[Start of Attachment]
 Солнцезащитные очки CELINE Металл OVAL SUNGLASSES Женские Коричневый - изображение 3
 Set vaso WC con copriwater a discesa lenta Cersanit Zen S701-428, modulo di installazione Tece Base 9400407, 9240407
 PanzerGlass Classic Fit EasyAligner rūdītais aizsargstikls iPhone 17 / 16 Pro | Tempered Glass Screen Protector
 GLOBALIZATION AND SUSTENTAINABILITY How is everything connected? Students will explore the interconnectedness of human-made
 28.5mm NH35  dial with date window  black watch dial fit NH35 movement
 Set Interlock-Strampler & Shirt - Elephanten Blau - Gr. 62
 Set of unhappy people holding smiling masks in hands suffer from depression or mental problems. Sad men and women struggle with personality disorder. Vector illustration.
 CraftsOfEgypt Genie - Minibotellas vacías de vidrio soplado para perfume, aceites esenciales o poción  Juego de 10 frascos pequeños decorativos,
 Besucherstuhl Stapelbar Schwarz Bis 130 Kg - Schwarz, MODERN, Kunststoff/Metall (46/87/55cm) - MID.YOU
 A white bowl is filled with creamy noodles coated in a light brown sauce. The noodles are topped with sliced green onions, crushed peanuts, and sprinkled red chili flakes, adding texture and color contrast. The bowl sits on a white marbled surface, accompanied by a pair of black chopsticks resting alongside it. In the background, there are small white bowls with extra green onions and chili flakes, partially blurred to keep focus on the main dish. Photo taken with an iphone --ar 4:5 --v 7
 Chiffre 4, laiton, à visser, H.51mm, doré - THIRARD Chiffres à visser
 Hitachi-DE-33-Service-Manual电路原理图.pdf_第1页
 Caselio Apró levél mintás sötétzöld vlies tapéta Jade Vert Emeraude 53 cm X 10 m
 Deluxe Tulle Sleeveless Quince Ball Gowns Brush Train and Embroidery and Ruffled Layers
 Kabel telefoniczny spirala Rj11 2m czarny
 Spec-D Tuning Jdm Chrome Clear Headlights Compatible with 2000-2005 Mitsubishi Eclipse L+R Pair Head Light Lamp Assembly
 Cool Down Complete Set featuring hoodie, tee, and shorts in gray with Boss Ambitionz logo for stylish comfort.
[End of Attachment]
Task objective =>
Your answer must consist solely of the lines above between the line holding "PanzerGlass Classic Fit" and the line holding "GLOBALIZATION AND SUSTENTAINABILITY", inclusive, copied exactly.

Result of this task =>
 PanzerGlass Classic Fit EasyAligner rūdītais aizsargstikls iPhone 17 / 16 Pro | Tempered Glass Screen Protector
 GLOBALIZATION AND SUSTENTAINABILITY How is everything connected? Students will explore the interconnectedness of human-made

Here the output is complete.